Despite cons looking more than pros, it is important to understand the number of people this policy affects. Providing MSP is an important factor that could contribute to the welfare of farmers, doubling their incomes and food security. Though it might require Rs 10 lakh crore which is the value of all crops produced, around 25 per cent of the total production is used for personal consumption. So, the required amount for MSP is around Rs 7.5 lakh crore. It would impact the Indian budget expenditure.

Way forward

Balanced agricultural pricing policy Transitioning to a balanced agricultural pricing policy that incorporates mechanisms like MSP and direct income support schemes is crucial. This policy should aim to protect farmers’ incomes while also considering consumers’ interests and market dynamics.

Enforcement of Swaminathan Committee recommendation Implementing the Swaminathan Committee’s recommendation of setting MSP at least 50 per cent above the weighted average CoP (C2 cost) should be prioritised to ensure fair returns to farmers.

Expansion of MSP criteria Factoring in additional expenses incurred by farmers, such as education and health services for their families, when determining MSP would provide a more accurate reflection of farmers’ costs and needs.

Price deficiency payments Exploring options like Price deficiency payments (PDP) can offer an alternative to physical procurement and provide farmers with income support when market prices fall below MSP.

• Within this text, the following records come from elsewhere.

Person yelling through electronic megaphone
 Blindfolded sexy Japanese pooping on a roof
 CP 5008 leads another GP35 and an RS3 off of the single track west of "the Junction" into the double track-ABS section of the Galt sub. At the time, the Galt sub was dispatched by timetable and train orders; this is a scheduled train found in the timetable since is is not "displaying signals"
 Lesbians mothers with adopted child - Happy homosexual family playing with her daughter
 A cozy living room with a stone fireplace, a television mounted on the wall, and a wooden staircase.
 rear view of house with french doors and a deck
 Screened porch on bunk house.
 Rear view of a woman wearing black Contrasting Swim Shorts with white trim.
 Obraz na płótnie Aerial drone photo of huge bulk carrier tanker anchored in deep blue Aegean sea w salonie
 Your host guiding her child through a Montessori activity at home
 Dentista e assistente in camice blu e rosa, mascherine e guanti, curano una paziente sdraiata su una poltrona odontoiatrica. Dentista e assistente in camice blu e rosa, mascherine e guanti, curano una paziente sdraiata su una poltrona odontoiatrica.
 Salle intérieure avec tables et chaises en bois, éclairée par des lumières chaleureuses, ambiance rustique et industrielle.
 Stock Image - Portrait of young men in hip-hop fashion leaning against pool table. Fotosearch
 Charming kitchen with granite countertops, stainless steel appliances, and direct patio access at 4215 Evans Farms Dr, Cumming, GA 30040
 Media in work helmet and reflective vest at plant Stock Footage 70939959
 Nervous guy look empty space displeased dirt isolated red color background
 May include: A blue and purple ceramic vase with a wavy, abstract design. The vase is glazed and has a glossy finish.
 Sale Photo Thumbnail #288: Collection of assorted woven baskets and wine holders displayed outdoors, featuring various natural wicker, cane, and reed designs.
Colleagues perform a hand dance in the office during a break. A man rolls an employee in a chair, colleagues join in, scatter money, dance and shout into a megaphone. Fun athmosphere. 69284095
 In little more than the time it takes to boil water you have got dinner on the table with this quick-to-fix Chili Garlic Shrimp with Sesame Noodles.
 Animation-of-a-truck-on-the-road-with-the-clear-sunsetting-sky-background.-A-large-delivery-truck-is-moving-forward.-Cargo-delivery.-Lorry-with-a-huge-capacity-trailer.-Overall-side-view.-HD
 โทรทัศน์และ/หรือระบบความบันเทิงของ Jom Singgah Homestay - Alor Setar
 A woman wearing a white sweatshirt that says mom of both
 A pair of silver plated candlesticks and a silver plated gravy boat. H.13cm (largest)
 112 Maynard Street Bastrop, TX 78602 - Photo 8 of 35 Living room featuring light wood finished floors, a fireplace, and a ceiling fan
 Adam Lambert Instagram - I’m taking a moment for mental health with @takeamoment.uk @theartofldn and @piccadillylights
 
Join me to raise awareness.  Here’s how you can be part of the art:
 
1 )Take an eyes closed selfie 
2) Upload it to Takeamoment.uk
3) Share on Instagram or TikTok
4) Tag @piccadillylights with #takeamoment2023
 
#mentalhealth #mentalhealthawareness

Enhancing farmers’ income Investing in measures to enhance farmers’ income, such as integrating agriculture into schemes like MGNREGS, promoting crop diversification, and strengthening agricultural marketing infrastructure, is essential.

Investing in agricultural infrastructure Increasing public investment in rural infrastructure, promoting technology adoption and innovation, and facilitating access to credit and insurance services for smallholder farmers are critical for enhancing agricultural productivity and market access.

Improving land and water management Implementing sustainable land and water management practices, promoting efficient water use, and empowering farmers through collective action and decision-making are necessary for ensuring agricultural sustainability.

Ensuring social protection Expanding social safety nets and insurance schemes to provide income and livelihood support to vulnerable farming households during periods of distress is essential for enhancing resilience in agriculture.

Improving governance Strengthening governance and regulatory frameworks to reduce bureaucratic hurdles, corruption, and market distortions is crucial for fostering a conducive environment for agricultural development and farmer welfare.

Encouraging adoption of modern technologies Encouraging the adoption of modern technologies for efficient and low-cost production, along with increasing public investment in agriculture, can complement efforts to ensure fair prices and improve farmers’ incomes.

Conclusion

In conclusion, while legalising MSP is important, it is not the sole solution to address agricultural challenges. A comprehensive approach that combines MSP with other supportive measures, such as income support schemes, infrastructure development, and sustainable land management practices, is necessary to achieve the overarching goals of reducing the debt burden on farmers, improving farmers’ incomes, and ensuring food security. Additionally, continual review and adaptation of policies based on the evolving agricultural landscape and recommendations from expert committees like the Swaminathan Committee are essential for addressing the complex challenges faced by the agriculture sector.